Star Lake Plantation Celebration
View PDF Map of Star Lake Nature and Hiking Trail
10:00 AM | Displays: forest management, fire control and Smokey Bear at Crystal Lake Nature Center |
11:30 AM | Lunch (Cookout of brats, burgers, hotdogs) – Must reserve and pay in advance to take part in the lunch (reserve by May 22 by sending e-mail to: [email protected] |
12:30 PM | Dedication of Tom Roberts Memorial Trail at Crystal Lake |
2:00 PM | Star Lake Plantation Ceremony – at lower parking lot of Star Lake campground Paul DeLong – Welcome and introductions Timber Harvest designation by Retired State Foresters History of Star Lake – Ralph Hewitt Forestry Stations and discussions |
History
In 1913, E.M. Griffith [the first state forester] chose a peninsula in Star Lake, Vilas County, in what is now the Northern Highland-American Legion State Forest, as the location of the first state tree plantation. The peninsula once served as a blue grass pasture for the horses of the Williams and Salsich Lumber Company. This area was selected because it could easily be protected by the surrounding water and a nearby ranger station from the many forest fires that were raging through northern Wisconsin during that period.

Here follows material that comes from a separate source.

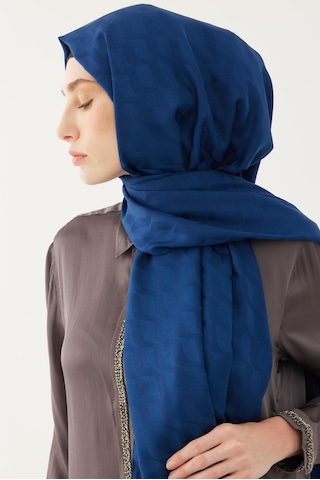 Mirsoy Scarf Dalga Desen İpeksi Jakar Şal - Lacivert Lacivert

Perhaps Griffith wanted to show that what had happened to the community of Star Lake did not have to happen with good forest management. Star Lake had once been a thriving lumber town with a population of about 700. By 1908 it was a ghost town.
Griffith decided to plant mostly native red and white pine on the peninsula. Because many people questioned the effectiveness of reforestation, he included some Scotch pine, a fast-growing European species to quickly convince the skeptics. Fred Wilson, state forest ranger, supervised the planting, which involved clearing the area and hand-planting the seedlings.
Planting stock came from the first forestry nursery in Wisconsin which was established at Trout lake in the spring of 1911. Planting was done by students of the Ranger Short course of the College of Agriculture. The planters worked in pairs: one man scalped an 18-inch square of sod and dug a hole. The other followed and planted the seedlings. Pay was a dollar a day and board, and the labor cost of planting was $3.42 per acre.
Wilson developed a plan for the plantation based on management and thinning procedures used in Europe. He decided that after thinning, the distance between the remaining trees should be 20 to 25 percent of the height of the dominant trees.
By 1943 there were successful plantations in every county in Wisconsin, with red pine the leading species. Public opinion now fully supported fire control and reforestation, but had swung to opposition against any form of cutting. The time had come to demonstrate that there was more to forestry than planting trees and protecting them from fire. Specific authorization from the Conservation Commission was obtained to establish a thinning plot.
With many trees in poor form, the Scotch Pine was thinned heavily in the spring of 1948 and underplanted with 4-year white pine transplants. In 1977, Wilson remeasured and marked the Star Lake Plantation for a thinning cut for the sixth time. His meticulous records proved that tree planting paid off.